AzureCosmosR

CRAN Downloads R-CMD-check

An interface to Azure Cosmos DB, a NoSQL database service from Microsoft.

Azure Cosmos DB is a fully managed NoSQL database for modern app development. Single-digit millisecond response times, and automatic and instant scalability, guarantee speed at any scale. Business continuity is assured with SLA-backed availability and enterprise-grade security. App development is faster and more productive thanks to turnkey multi region data distribution anywhere in the world, open source APIs and SDKs for popular languages. As a fully managed service, Azure Cosmos DB takes database administration off your hands with automatic management, updates and patching. It also handles capacity management with cost-effective serverless and automatic scaling options that respond to application needs to match capacity with demand.

On the Resource Manager side, AzureCosmosR extends the AzureRMR class framework to allow creating and managing Cosmos DB accounts. On the client side, it provides a comprehensive interface to the Cosmos DB SQL/core API as well as bridges to the MongoDB and table storage APIs.

The primary repo for this package is at https://github.com/Azure/AzureCosmosR; please submit issues and PRs there. It is also mirrored at the Cloudyr org at https://github.com/cloudyr/AzureCosmosR. You can install the development version of the package with devtools::install_github("Azure/AzureCosmosR").

SQL interface

AzureCosmosR provides a suite of methods to work with databases, containers (tables) and documents (rows) using the SQL API.

library(dplyr)
library(AzureCosmosR)

endp <- cosmos_endpoint("https://myaccount.documents.azure.com:443/", key="mykey")

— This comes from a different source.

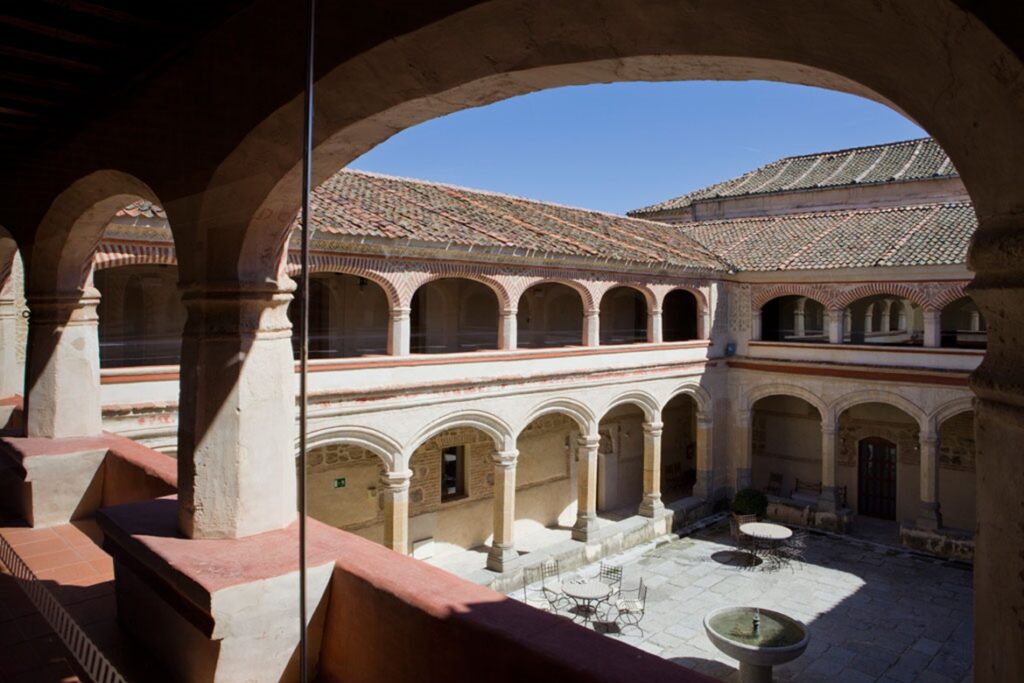 Vista del precioso claustro del Hotel San Antonio el Real, Segovia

list_cosmos_databases(endp)

db <- get_cosmos_database(endp, "mydatabase")

# create a new container and upload the Star Wars dataset from dplyr
cont <- create_cosmos_container(db, "mycontainer", partition_key="sex")
bulk_import(cont, starwars)

query_documents(cont, "select * from mycontainer")

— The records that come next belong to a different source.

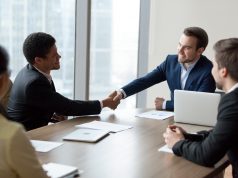 עקרונות הניהול הנכון למנהל צעיר שכפיפים לו עובדים בעלי יותר ותק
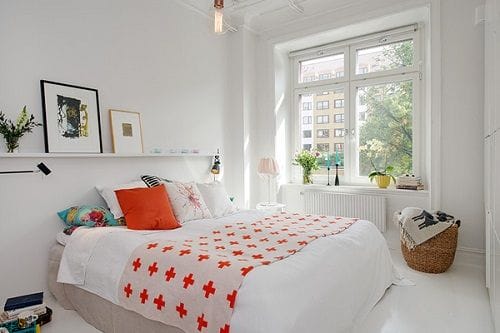 Dormitorio nórdico con toques de color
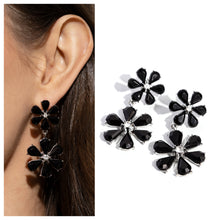 Load image into Gallery viewer, Paparazzi ♥ A Blast of Blossoms - Black ♥ Post E1375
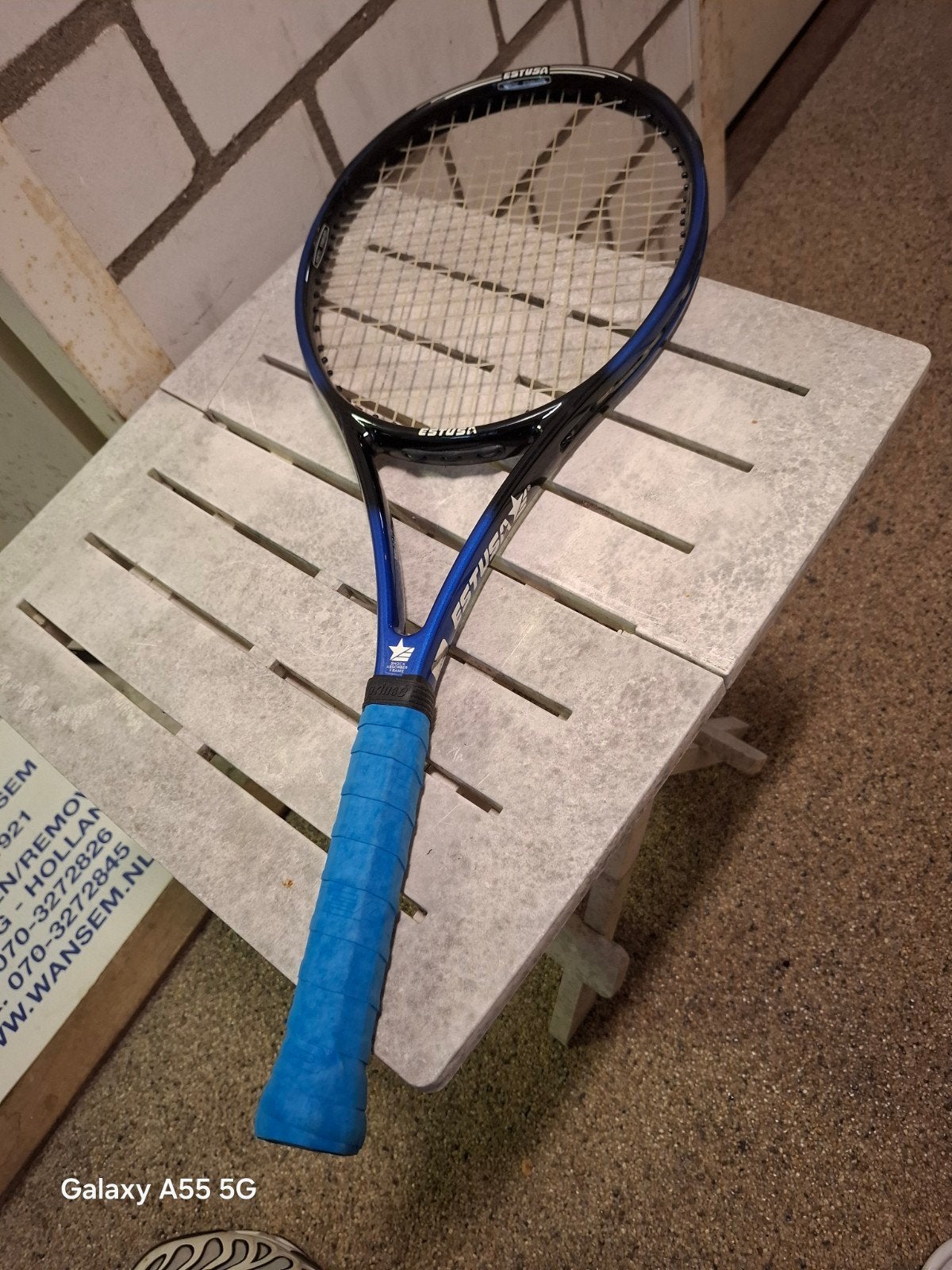 Estusa Tour 25 tennisracket, blauw/zwart, gripmaat 4 1/4, Sport en Fitness, Tennis, Overige merken, Gebruikt, L4, Ophalen of Verzenden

# an array select: all characters who appear in ANH
query_documents(cont,
    "select c.name
        from mycontainer c
        where array_contains(c.films, 'A New Hope')")

You can easily create and execute stored procedures and user-defined functions:

proc <- create_stored_procedure(
    cont,
    "helloworld",
    'function () {
        var context = getContext();
        var response = context.getResponse();
        response.setBody("Hello, World");
    }'
)

exec_stored_procedure(proc)

create_udf(cont, "times2", "function(x) { return 2*x; }")

query_documents(cont, "select udf.times2(c.height) from cont c")

Aggregates take some extra work, as the Cosmos DB REST API only has limited support for cross-partition queries. Set by_pkrange=TRUE in the query_documents call, which will run the query on each partition key range (pkrange) and return a list of data frames. You can then process the list to obtain an overall result.

# average height by sex, by pkrange
df_lst <- query_documents(
    cont,
    "select c.gender, count(1) n, avg(c.height) height
        from mycontainer c
        group by c.gender",
    by_pkrange=TRUE
)

# combine pkrange results
df_lst %>%
    bind_rows(.id="pkrange") %>%
    group_by(gender) %>%
    summarise(height=weighted.mean(height, n))

Other client interfaces

MongoDB

You can query data in a MongoDB-enabled Cosmos DB instance using the mongolite package. AzureCosmosR provides a simple bridge to facilitate this.

endp <- cosmos_mongo_endpoint("https://myaccount.mongo.cosmos.azure.com:443/", key="mykey")

# a mongolite::mongo object
conn <- cosmos_mongo_connection(endp, "mycollection", "mydatabase")
conn$find("{}")

For more information on working with MongoDB, see the mongolite documentation.

Table storage

You can work with data in a table storage-enabled Cosmos DB instance using the AzureTableStor package.

endp <- AzureTableStor::table_endpoint("https://myaccount.table.cosmos.azure.com:443/", key="mykey")

tab <- AzureTableStor::storage_table(endp, "mytable")
AzureTableStor::list_table_entities(tab, filter="firstname eq 'Satya'")

Azure Resource Manager interface

On the ARM side, AzureCosmosR extends the AzureRMR class framework with a new az_cosmosdb class representing a Cosmos DB account resource, and methods for the az_resource_group resource group class.

rg <- AzureRMR::get_azure_login()$
    get_subscription("sub_id")$
    get_resource_group("rgname")

rg$create_cosmosdb_account("mycosmosdb", interface="sql", free_tier=TRUE)
rg$list_cosmosdb_accounts()
cosmos <- rg$get_cosmosdb_account("mycosmosdb")

# access keys (passwords) for this account
cosmos$list_keys()

# get an endpoint object -- detects which API this account uses
endp <- cosmos$get_endpoint()

# API-specific endpoints
cosmos$get_sql_endpoint()
cosmos$get_mongo_endpoint()
cosmos$get_table_endpoint()